→ **What you will do**
Give back each line of the data exactly.

(Records from a collection)

####################

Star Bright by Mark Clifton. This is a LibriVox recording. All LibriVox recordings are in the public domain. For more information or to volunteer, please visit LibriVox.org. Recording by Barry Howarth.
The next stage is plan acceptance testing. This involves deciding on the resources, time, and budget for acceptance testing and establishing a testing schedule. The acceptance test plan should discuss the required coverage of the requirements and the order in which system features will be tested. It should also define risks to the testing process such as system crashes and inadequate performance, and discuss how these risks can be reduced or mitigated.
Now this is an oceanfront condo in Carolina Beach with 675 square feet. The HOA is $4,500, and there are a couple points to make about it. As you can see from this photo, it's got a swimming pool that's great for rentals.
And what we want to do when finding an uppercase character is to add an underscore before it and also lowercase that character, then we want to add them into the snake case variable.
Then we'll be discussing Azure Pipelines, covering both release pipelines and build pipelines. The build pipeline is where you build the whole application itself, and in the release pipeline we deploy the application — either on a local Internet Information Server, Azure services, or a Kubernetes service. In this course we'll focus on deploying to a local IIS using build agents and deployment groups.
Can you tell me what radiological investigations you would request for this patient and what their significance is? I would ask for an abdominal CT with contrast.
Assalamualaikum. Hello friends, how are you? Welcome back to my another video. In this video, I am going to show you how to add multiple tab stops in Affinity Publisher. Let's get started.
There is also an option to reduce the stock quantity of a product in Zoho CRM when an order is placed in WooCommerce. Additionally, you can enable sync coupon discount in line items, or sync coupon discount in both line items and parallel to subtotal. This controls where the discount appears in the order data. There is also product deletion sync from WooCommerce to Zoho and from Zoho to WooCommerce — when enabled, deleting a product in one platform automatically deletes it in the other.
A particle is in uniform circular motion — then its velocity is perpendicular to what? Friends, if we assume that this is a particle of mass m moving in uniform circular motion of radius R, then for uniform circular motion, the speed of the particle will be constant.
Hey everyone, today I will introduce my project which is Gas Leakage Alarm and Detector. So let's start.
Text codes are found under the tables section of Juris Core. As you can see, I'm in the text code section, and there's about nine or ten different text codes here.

####################

→ **Your solution**
Star Bright by Mark Clifton. This is a LibriVox recording. All LibriVox recordings are in the public domain. For more information or to volunteer, please visit LibriVox.org. Recording by Barry Howarth.
The next stage is plan acceptance testing. This involves deciding on the resources, time, and budget for acceptance testing and establishing a testing schedule. The acceptance test plan should discuss the required coverage of the requirements and the order in which system features will be tested. It should also define risks to the testing process such as system crashes and inadequate performance, and discuss how these risks can be reduced or mitigated.
Now this is an oceanfront condo in Carolina Beach with 675 square feet. The HOA is $4,500, and there are a couple points to make about it. As you can see from this photo, it's got a swimming pool that's great for rentals.
And what we want to do when finding an uppercase character is to add an underscore before it and also lowercase that character, then we want to add them into the snake case variable.
Then we'll be discussing Azure Pipelines, covering both release pipelines and build pipelines. The build pipeline is where you build the whole application itself, and in the release pipeline we deploy the application — either on a local Internet Information Server, Azure services, or a Kubernetes service. In this course we'll focus on deploying to a local IIS using build agents and deployment groups.
Can you tell me what radiological investigations you would request for this patient and what their significance is? I would ask for an abdominal CT with contrast.
Assalamualaikum. Hello friends, how are you? Welcome back to my another video. In this video, I am going to show you how to add multiple tab stops in Affinity Publisher. Let's get started.
There is also an option to reduce the stock quantity of a product in Zoho CRM when an order is placed in WooCommerce. Additionally, you can enable sync coupon discount in line items, or sync coupon discount in both line items and parallel to subtotal. This controls where the discount appears in the order data. There is also product deletion sync from WooCommerce to Zoho and from Zoho to WooCommerce — when enabled, deleting a product in one platform automatically deletes it in the other.
A particle is in uniform circular motion — then its velocity is perpendicular to what? Friends, if we assume that this is a particle of mass m moving in uniform circular motion of radius R, then for uniform circular motion, the speed of the particle will be constant.
Hey everyone, today I will introduce my project which is Gas Leakage Alarm and Detector. So let's start.
Text codes are found under the tables section of Juris Core. As you can see, I'm in the text code section, and there's about nine or ten different text codes here.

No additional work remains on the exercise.